*Directions for this task*
Repeat precisely the line in which "Mens Plaid Suits" occurs and all lines that follow it in the entries below. Pictures must be omitted.

[Data extracted from a collection]
******

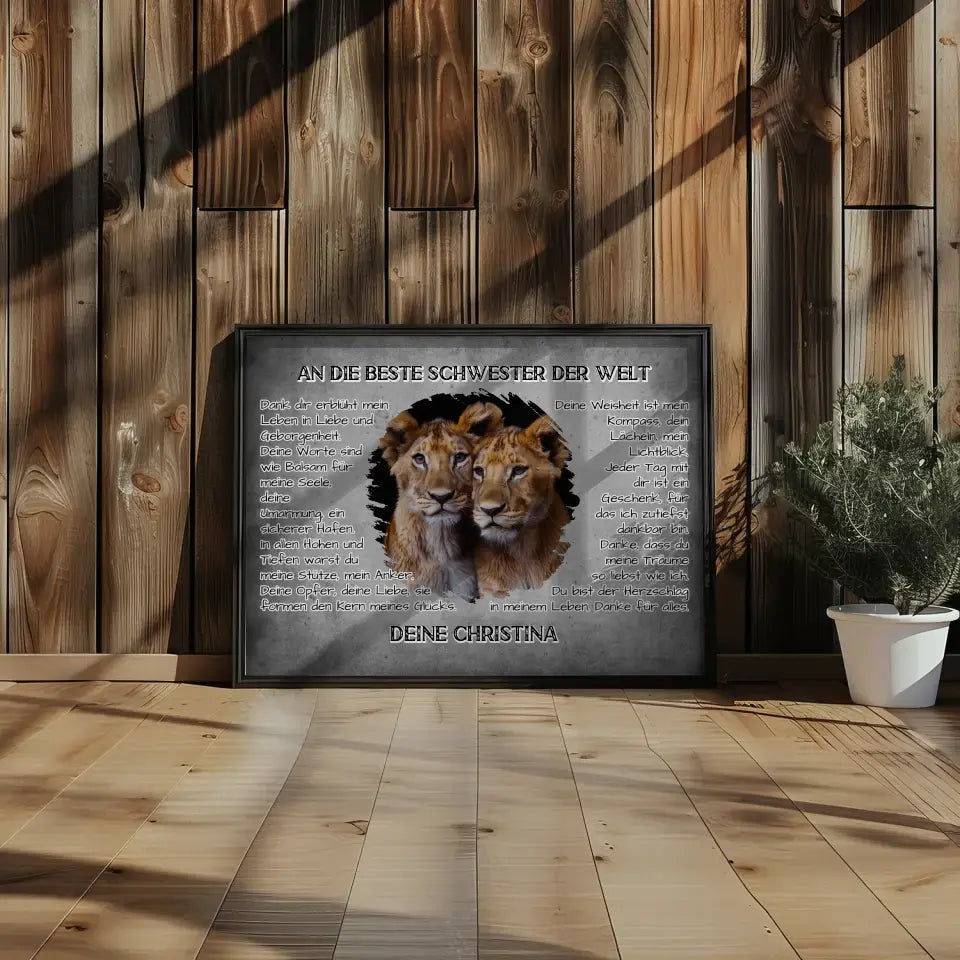 Löwen Poster für Schwester Danke mit Löwen Bild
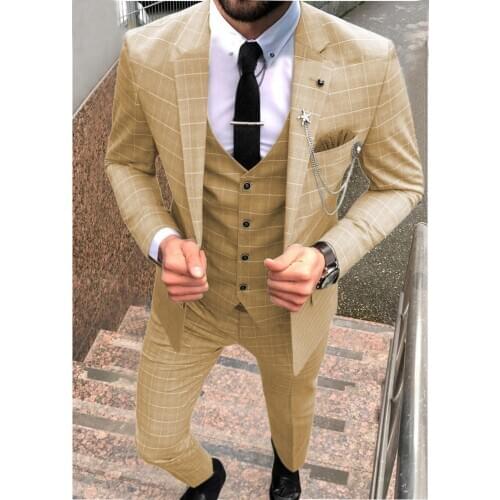 Mens Plaid Suits Slim Fit Prom Tuxedos 3 Piece Solid Notch Lapel Tuxedos For Wedding Grooms(Blazer+vest+Pants) Blue/Champagne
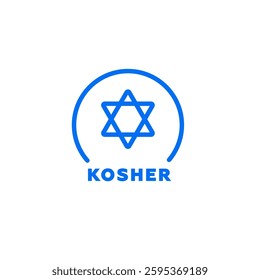 Blue star of david featuring inside circular frame, below is the word kosher in capital letters.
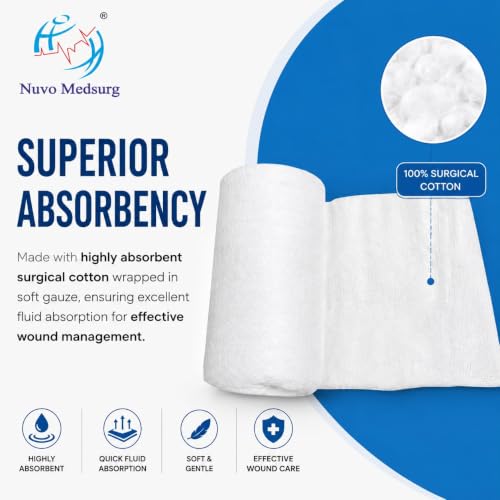 Image of Non-Sterile Gamjee Roll for Dressing & Wound Care, 15cm x 3mtr (Pack of 3) - Absorbent Surgical Cotton Pad, Medical Grade Material for First Aid, Hospital & Clinical Use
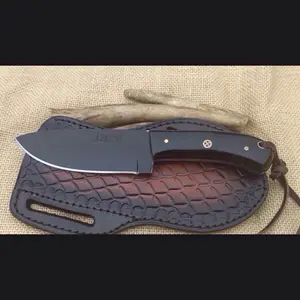Jazil Handmade Stainless Steel Hunting Knife Wood Handle Drop Point with Sheath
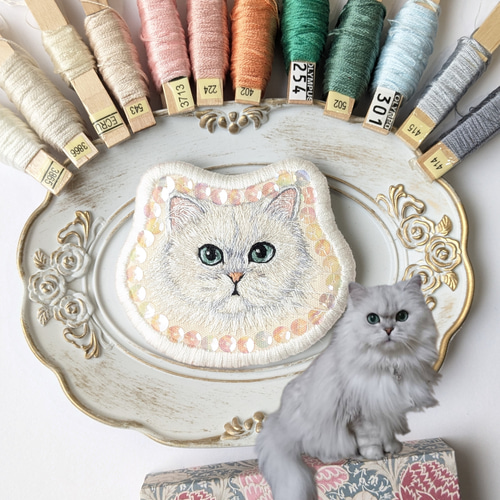 うちの子オーダー動物刺繍ブローチ大(8~9cm) おもちゃ・ペット小物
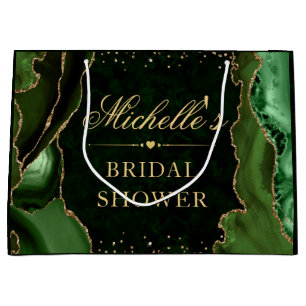 Green and Gold Glitter Marble Agate Bridal Shower Large Gift Bag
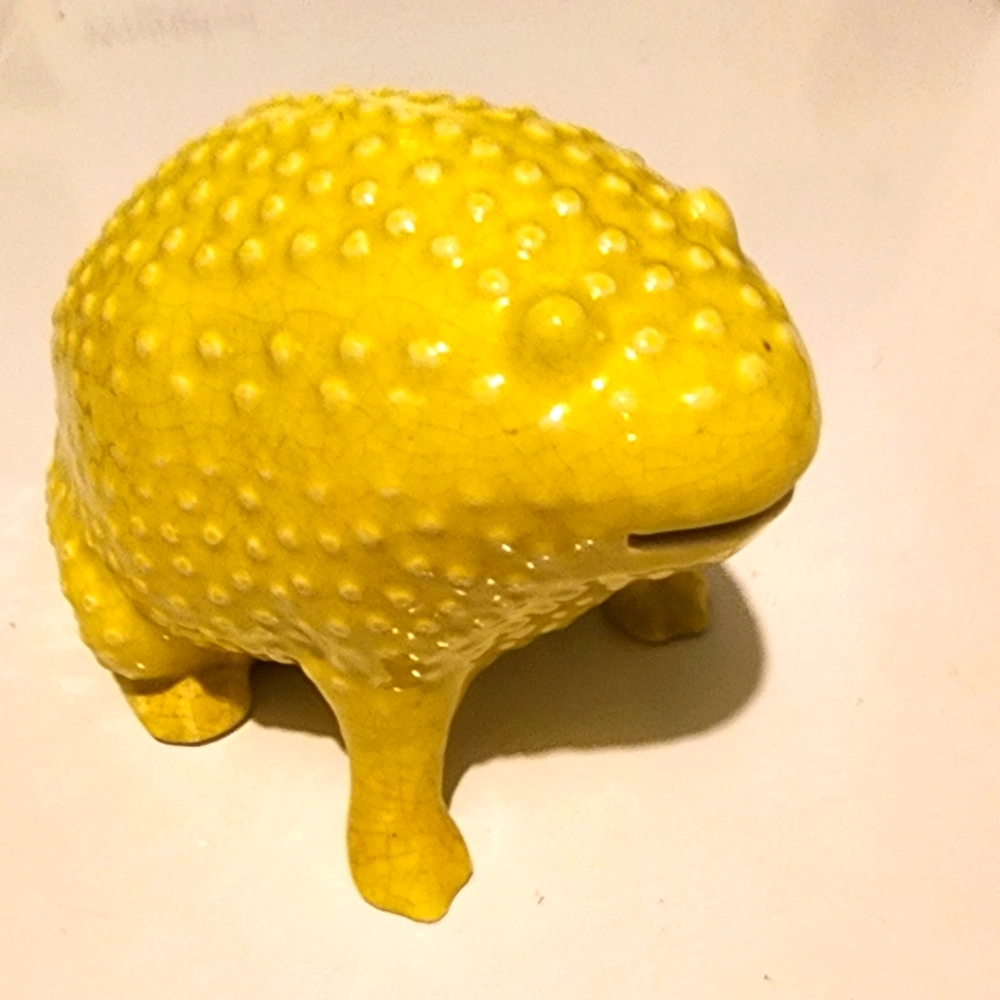 Vintage  Yellow frog coin bank ceramic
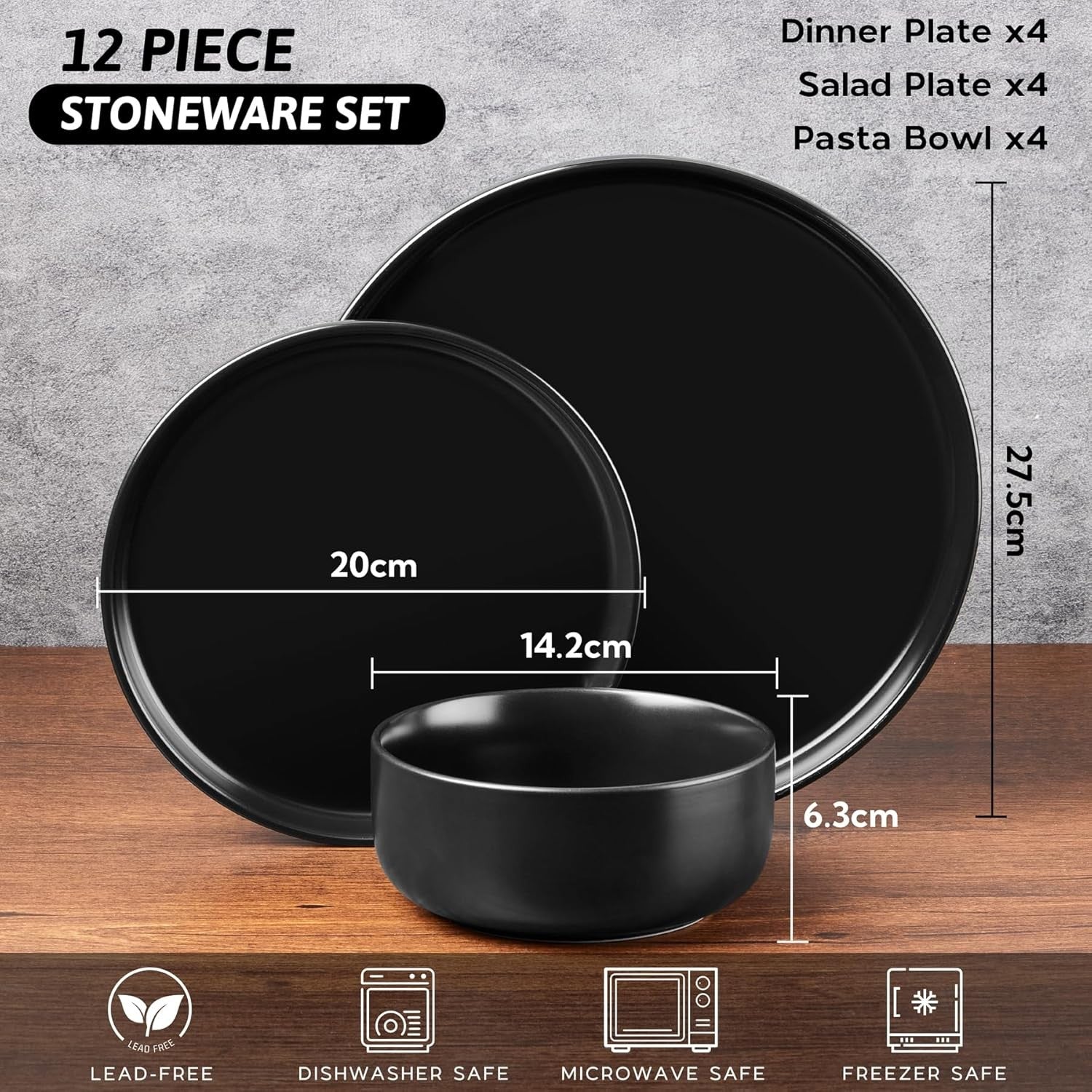 12pc Stoneware Dinner Set Matte Black Plates Bowls Microwave Safe
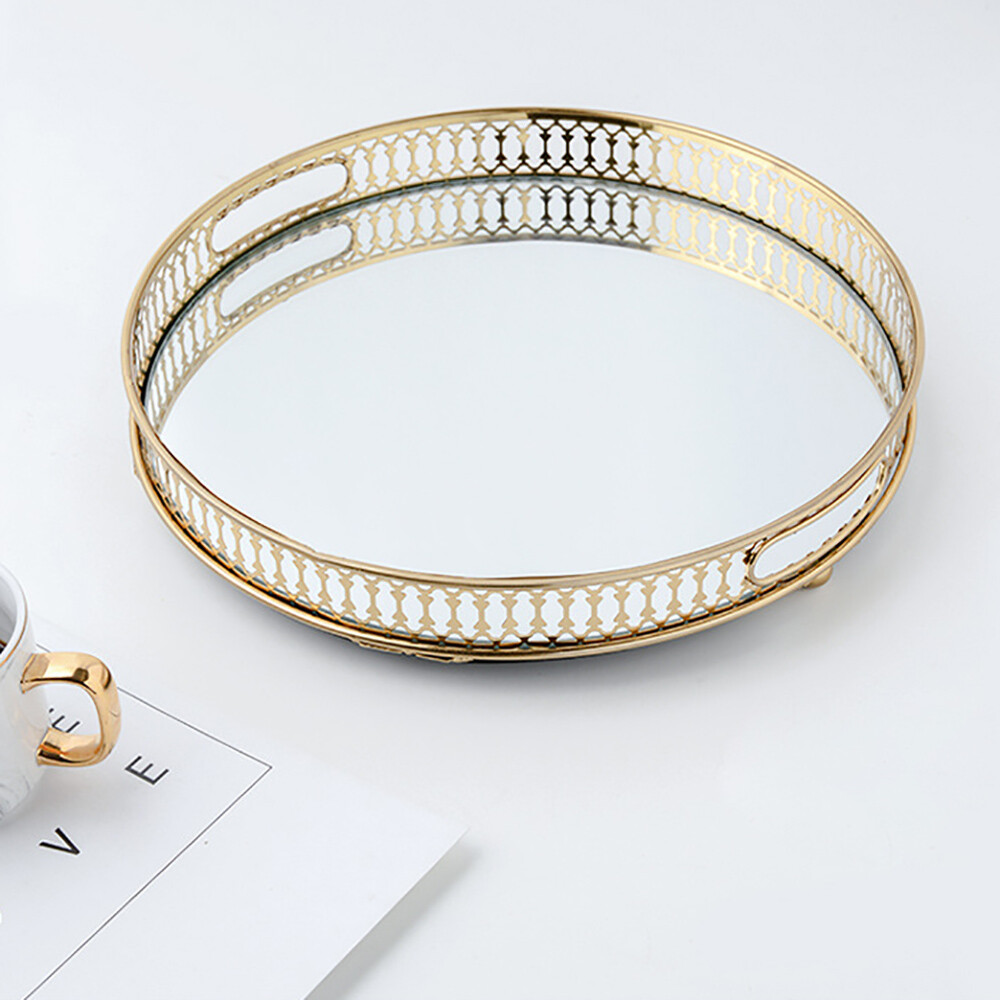 Round Tray Gold Tray Mirrored Decorative Tray For Home Office Living Room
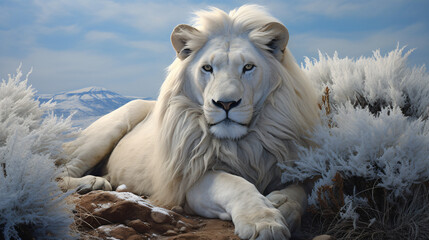 White lion blending into the wild landscapes a symbol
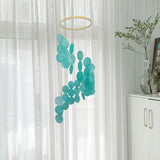 Cyan Bohemian Seashell Wind Chime - Dream Catcher Hanging Decor for Home
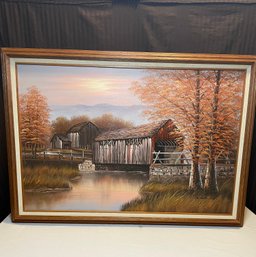 K. Michaelson Covered Bridge In Fall Mid Century Landscape Oil Painting *Signed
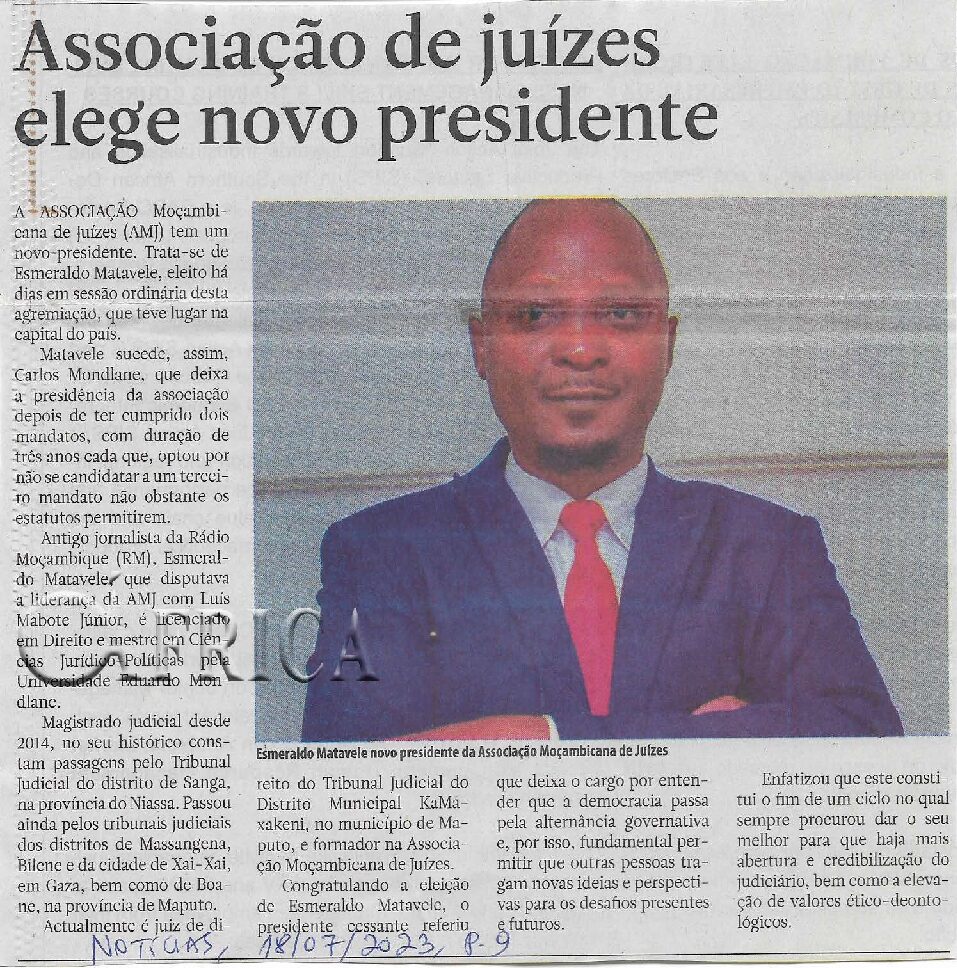 Associações de juízes elege novo presidente – 18 de Julho de 2023 (Notícias)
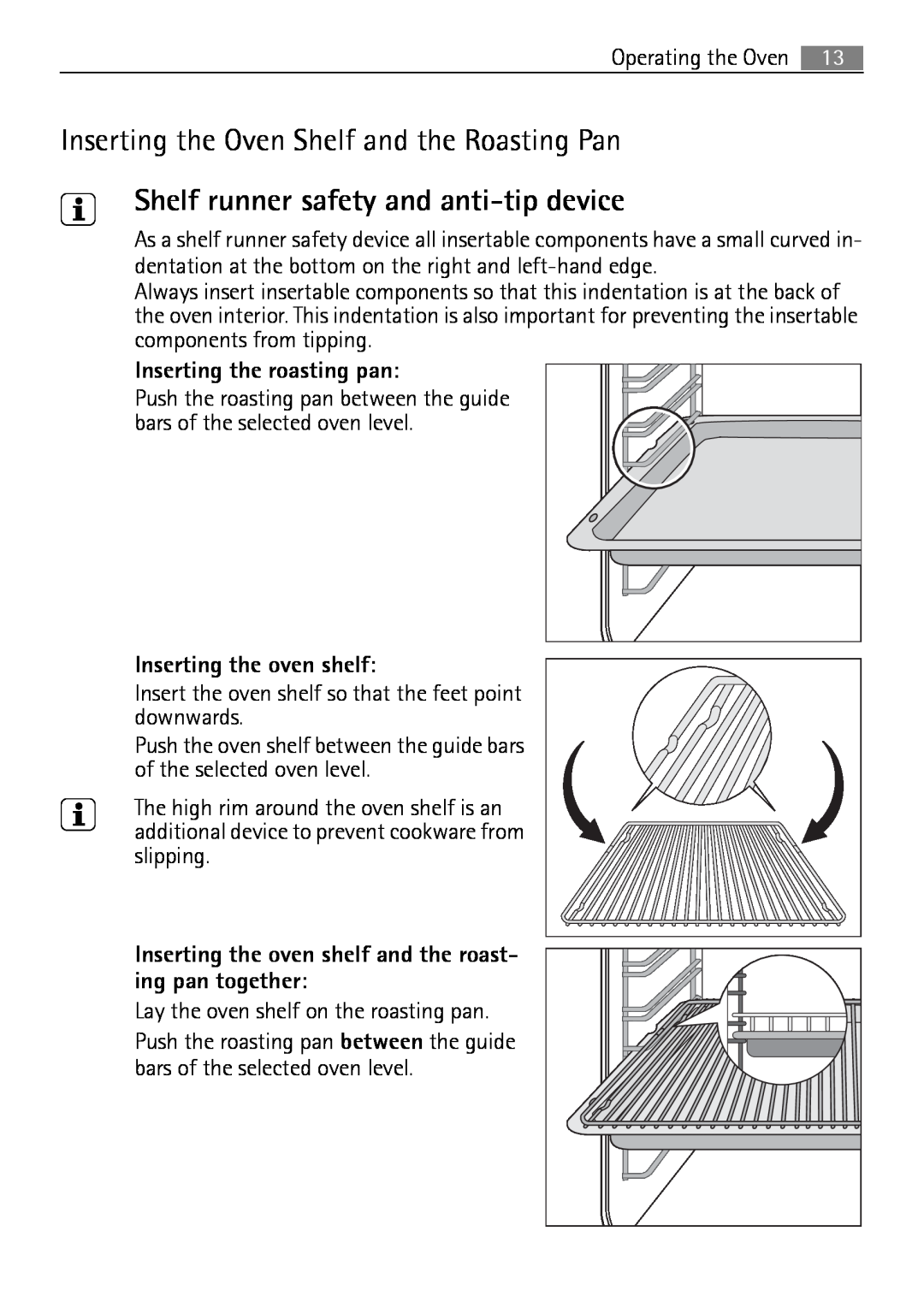Electrolux B2100-5 user manual Inserting the Oven Shelf and the Roasting Pan, Shelf runner safety and anti-tip device 
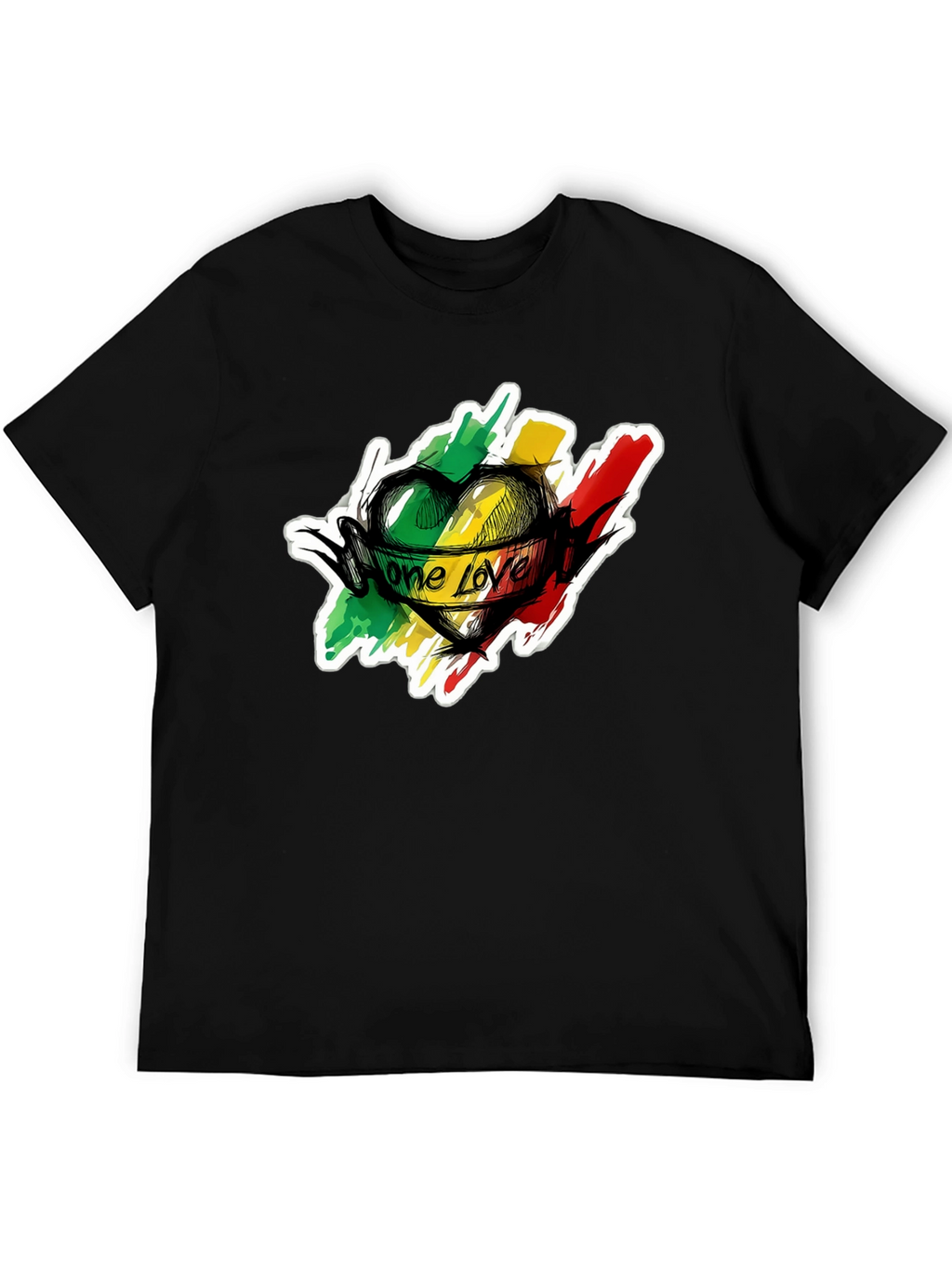 One Love Reggae Heart T-Shirt - Black Cotton Tee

******

*Response area*
 Mens Plaid Suits Slim Fit Prom Tuxedos 3 Piece Solid Notch Lapel Tuxedos For Wedding Grooms(Blazer+vest+Pants) Blue/Champagne
 Blue star of david featuring inside circular frame, below is the word kosher in capital letters.
 Image of Non-Sterile Gamjee Roll for Dressing & Wound Care, 15cm x 3mtr (Pack of 3) - Absorbent Surgical Cotton Pad, Medical Grade Material for First Aid, Hospital & Clinical Use
Jazil Handmade Stainless Steel Hunting Knife Wood Handle Drop Point with Sheath
 うちの子オーダー動物刺繍ブローチ大(8~9cm) おもちゃ・ペット小物
 Green and Gold Glitter Marble Agate Bridal Shower Large Gift Bag
 Vintage  Yellow frog coin bank ceramic
 12pc Stoneware Dinner Set Matte Black Plates Bowls Microwave Safe
 Round Tray Gold Tray Mirrored Decorative Tray For Home Office Living Room
 White lion blending into the wild landscapes a symbol
 Cyan Bohemian Seashell Wind Chime - Dream Catcher Hanging Decor for Home
 K. Michaelson Covered Bridge In Fall Mid Century Landscape Oil Painting *Signed
 Associações de juízes elege novo presidente – 18 de Julho de 2023 (Notícias)
Electrolux B2100-5 user manual Inserting the Oven Shelf and the Roasting Pan, Shelf runner safety and anti-tip device 
 One Love Reggae Heart T-Shirt - Black Cotton Tee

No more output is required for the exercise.